Repository¶

The repository object represents one single git repository, can be created in two main ways:

By explicitly passing the directory of a local git repository

By explicitly passing a remote git repository to be cloned locally into a temporary directory.

Using each method:

Explicit Local¶

Explicit local directories are passed by using a string for working dir:

from gitpandas import Repository
pd = Repository(working_dir='/path/to/repo1/', verbose=True)

The subdirectories of the directory passed are not searched, so it must have a .git directory in it.

Explicit Remote¶

Explicit remote directories are passed by using simple git notation:

from gitpandas import Repository
pd = Repository(working_dir='git://github.com/user/repo.git', verbose=True)
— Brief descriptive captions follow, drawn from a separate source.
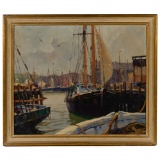 Gordon Hope Grant (American, 1875-1962) 'Gloucester Docks' Oil on Masonite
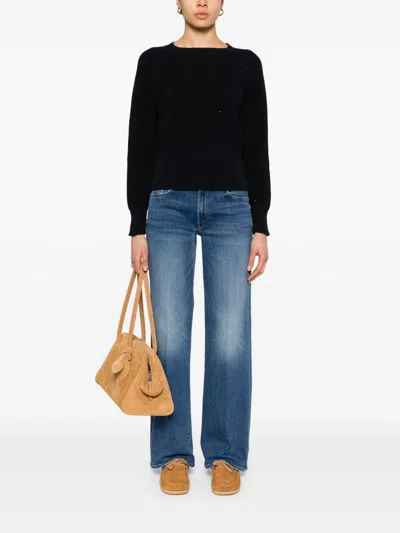 Fabiana Filippi Ribbed Crewneck Sweater With Fitted Cuffs In Black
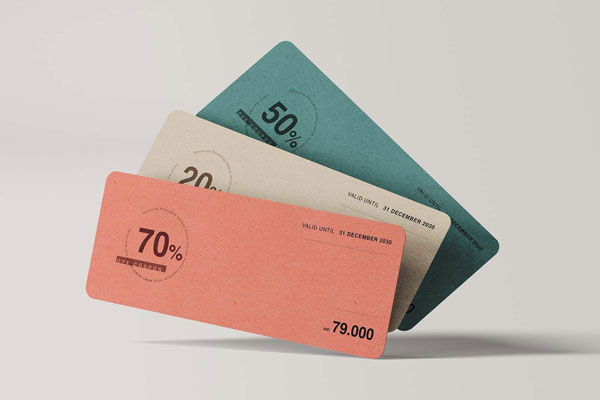 Formal Coupon Card Mockup Set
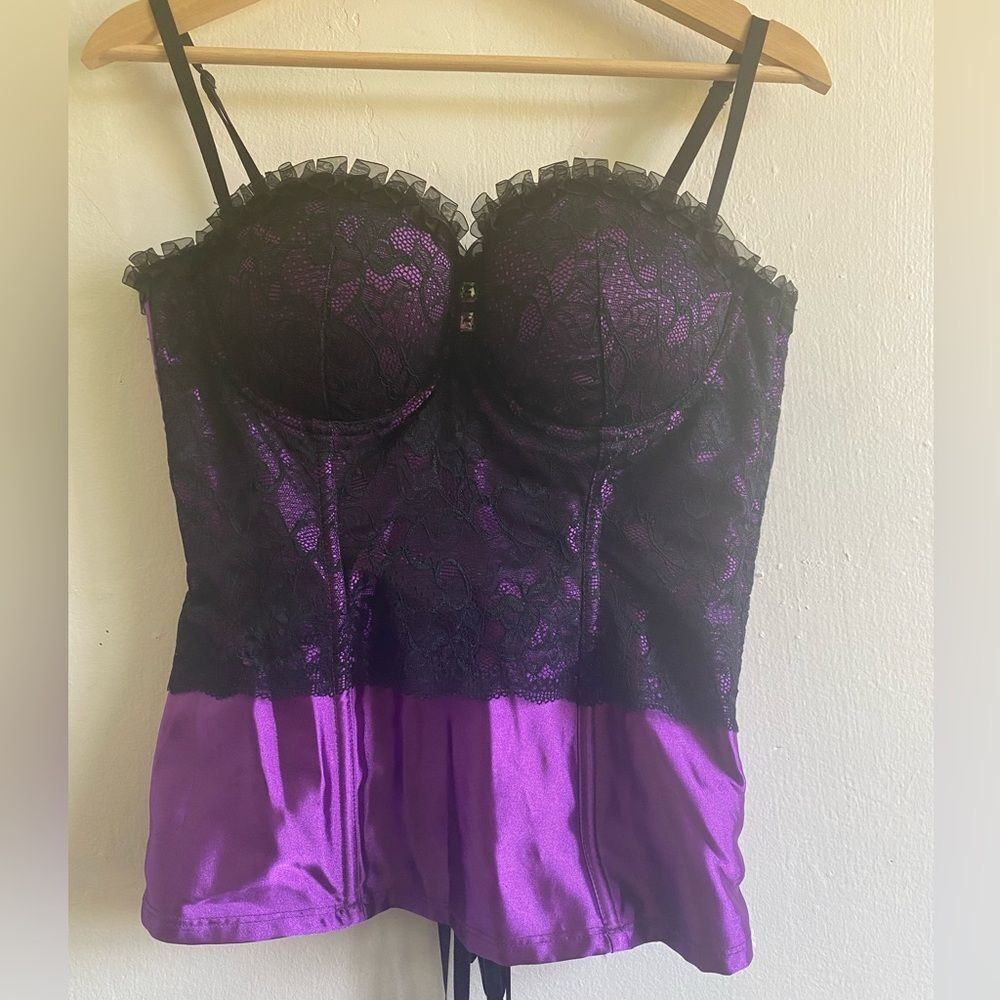 Frederick’s of Hollywood Sarina and lace Lace Corset Bustier Size Large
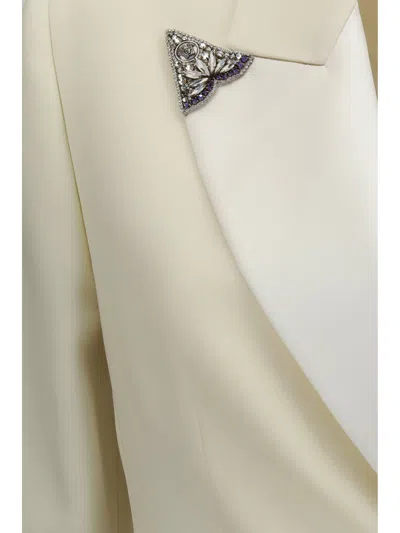 Versace Stretch Wool Blazer With Embroidered Lapels In Neutral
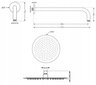 Potinkinis dušo ir vonios komplektas su termostatu Mexen Kai 7in1, 30 cm, Rose Gold цена и информация | Dušo komplektai ir panelės | pigu.lt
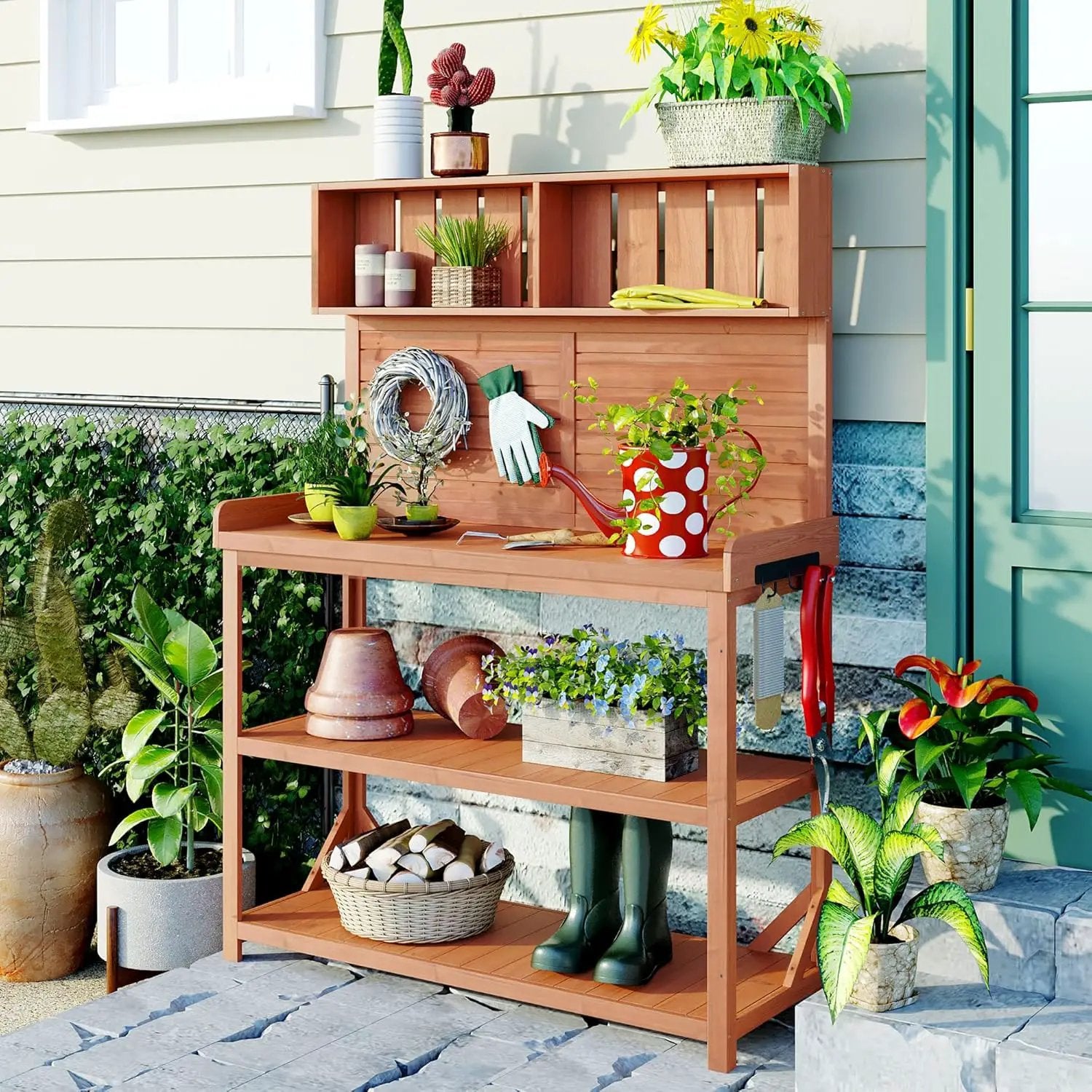 Merax 65" Large Wooden Farmhouse Rustic Outdoor Potting Bench Table with 4 Storage Shelves and Side Hook, Patio Workstation, for Garden, Backyard, Natural by GreenHaven Gardens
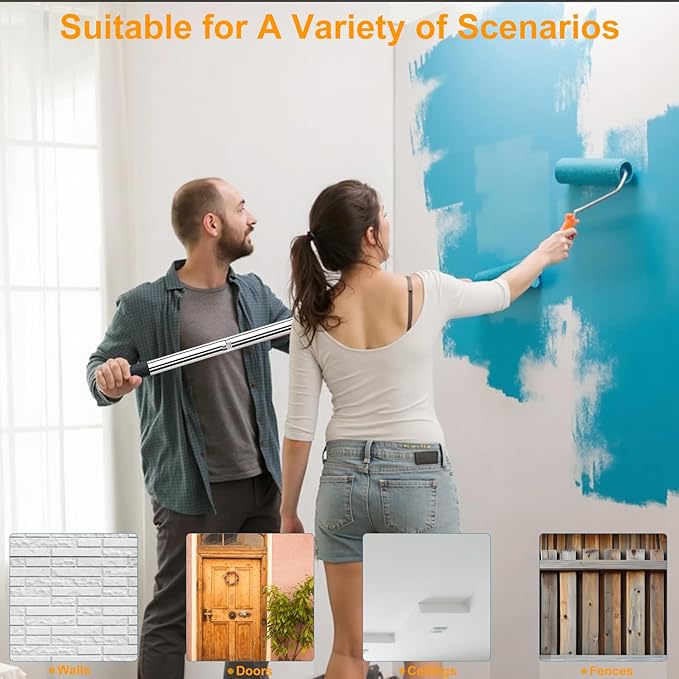 Paint Roller Kit with Extension Pole, Paint Brushes Set for Walls, Painting Supplies for Home Interior with Paint Brush, Paint Rollers, Paint Tray, Paint Tray Liner, Scraper etc.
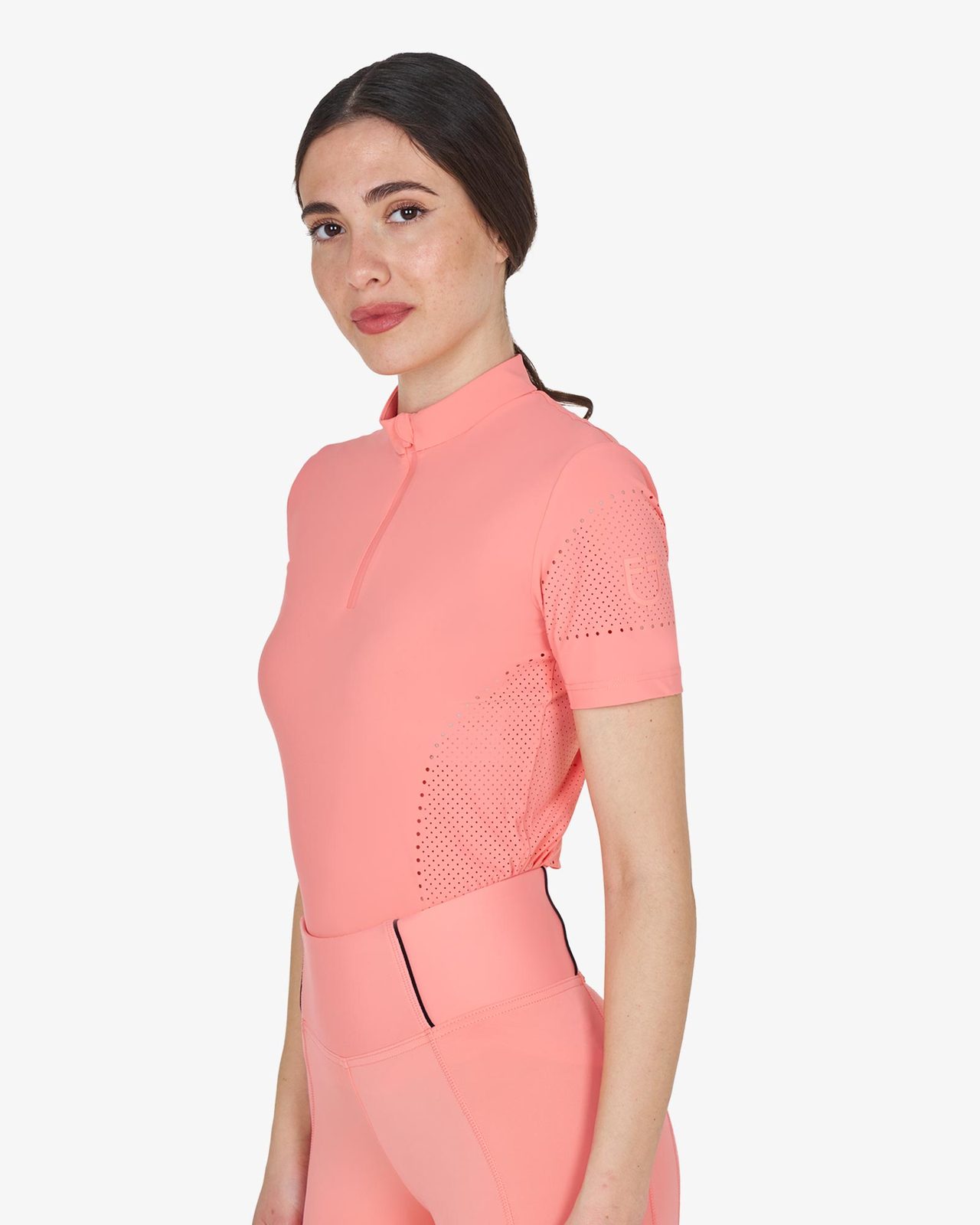 T-shirt donna da allenamento in tessuto tecnico con microfori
The repository will be cloned locally into a temporary directory, which can be somewhat slow for large repos.

Detailed API Documentation¶

class gitpandas.repository.GitFlowRepository[source]¶: A special case where git flow is followed, so we know something about the branching scheme

class gitpandas.repository.Repository(working_dir=None, verbose=False)[source]¶

The base class for a generic git repository, from which to gather statistics. The object encapulates a single gitpython Repo instance.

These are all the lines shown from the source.